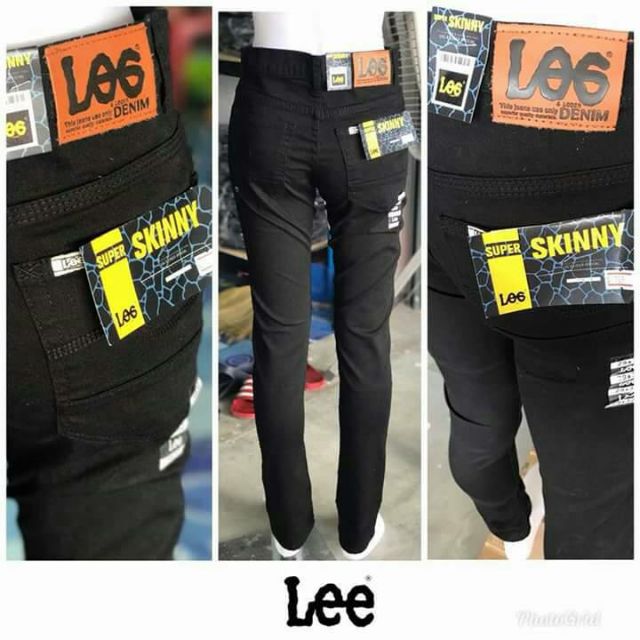 lee jeans shopee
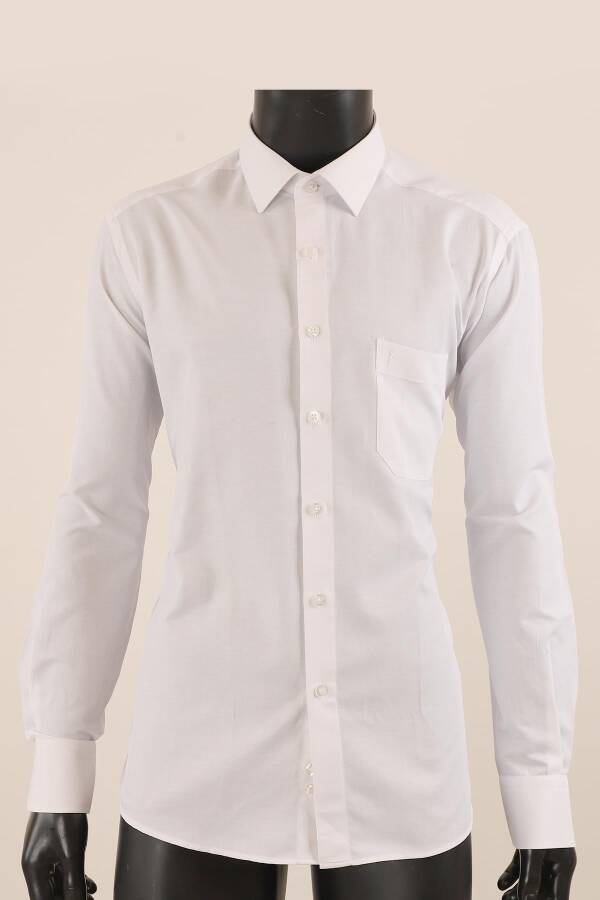 Uzul Kol Regular Fit Gömlek - 5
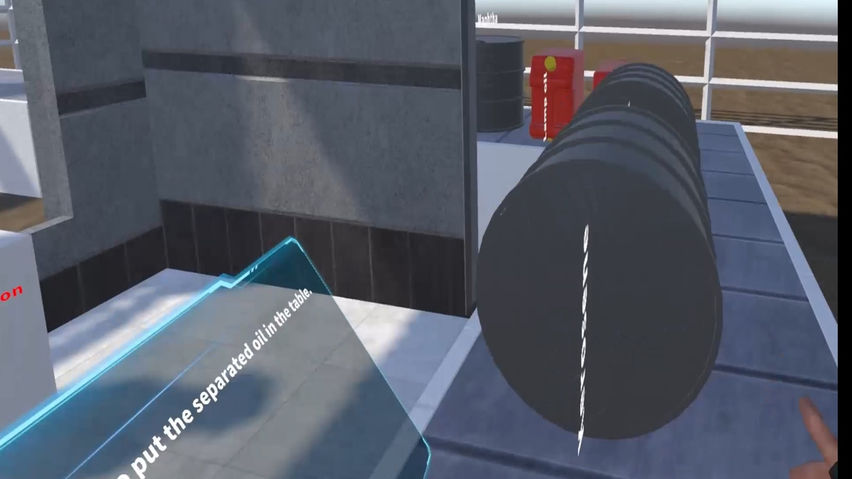 Crude Oil Separation Experiment - ContentsDa Science Experiment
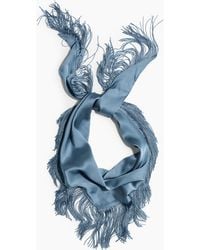H&M - Dreieckstuch mit Fransen - Lyst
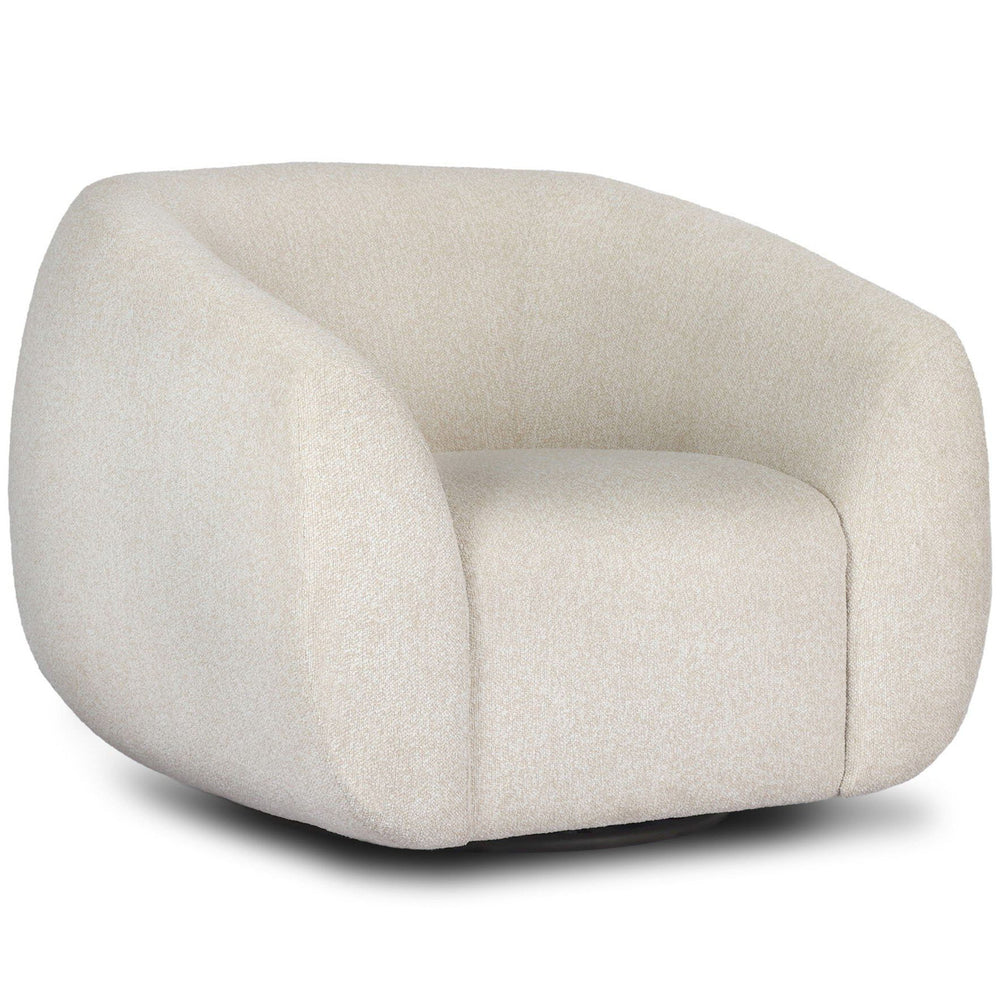 Channing Outdoor Swivel Chair, Jasper Natural by Four Hands
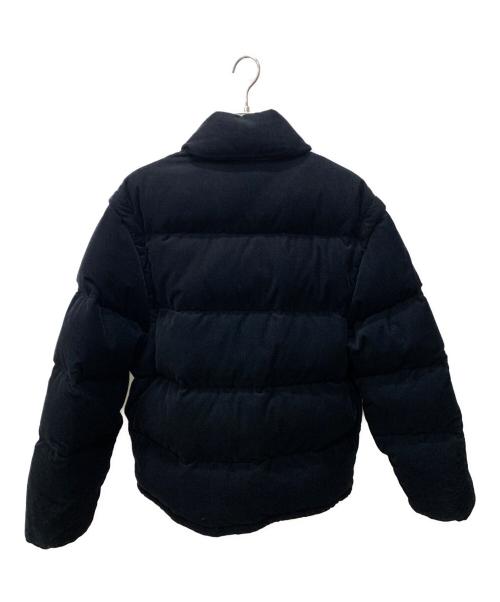 PRADA（プラダ）PRADA (プラダ) 25AW 2WAYミディアムウェイト コーデュロイ ダウンジャケット ブラック サイズ:Lの古着・服飾アイテム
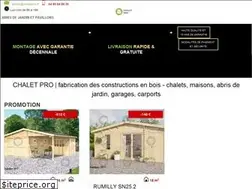 Sites similar to chaletpro.fr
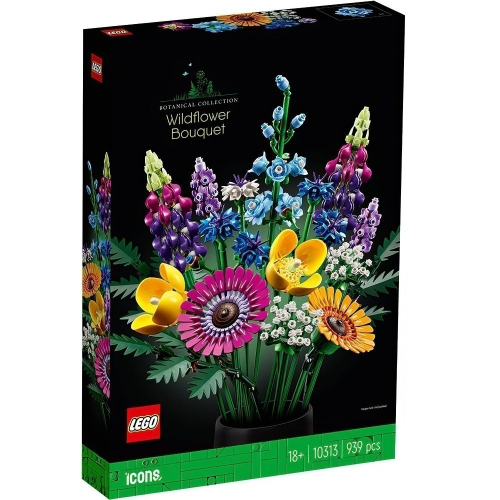 【群樂】盒組 LEGO 10313 Icons-野花花束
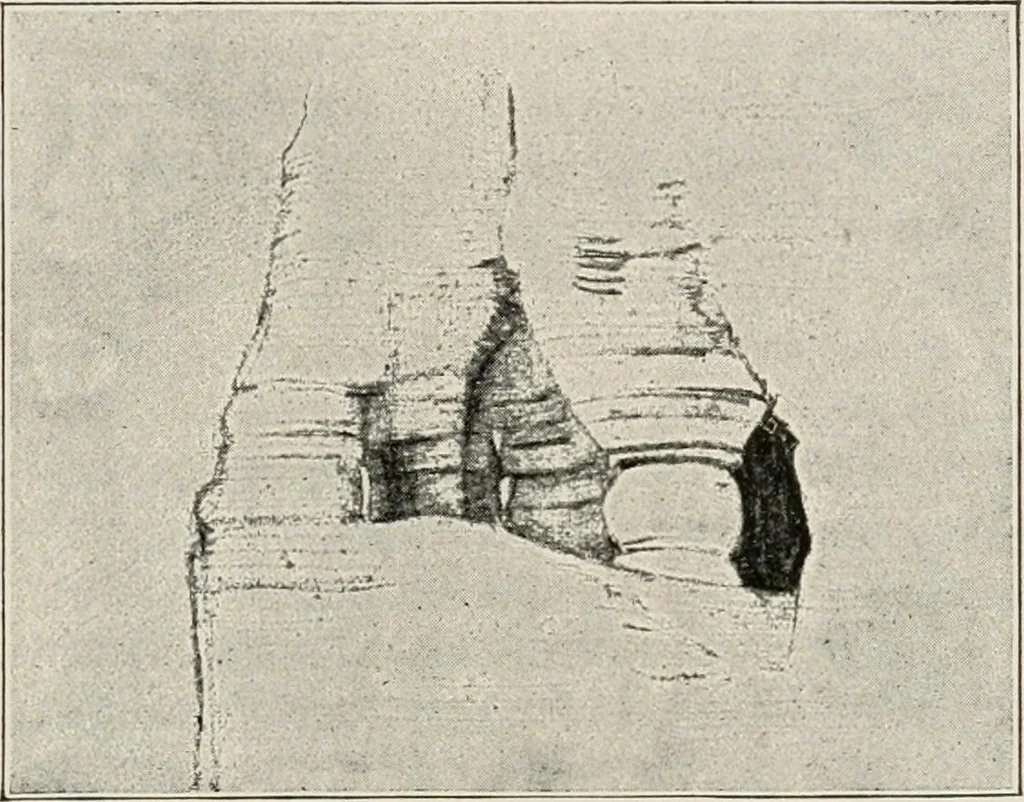 An illustration from Pre-Raphaelitism and the pre-Raphaelite brotherhood, 1905, leaf 544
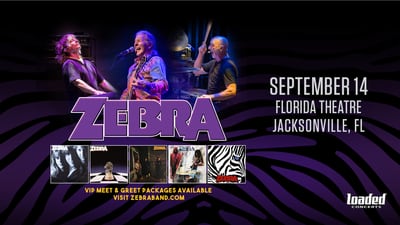 Zebra is Hitting Florida Theatre in September, Win Your Way In!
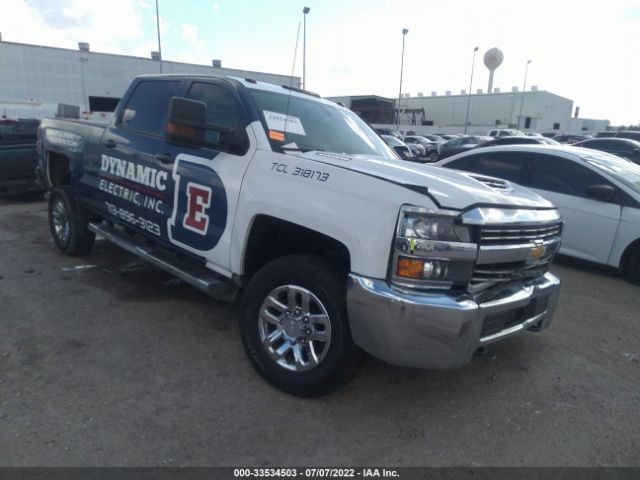 CHEVROLET SILVERADO 2500HD 2019 1gc1krey1kf153410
◆ ◆ ◆
Task to complete:
Only an exact copy of the lines from the one with "Zebra is Hitting" through the last line of the listing should be given; pictures must not be included.

Task result:
 Zebra is Hitting Florida Theatre in September, Win Your Way In!
 CHEVROLET SILVERADO 2500HD 2019 1gc1krey1kf153410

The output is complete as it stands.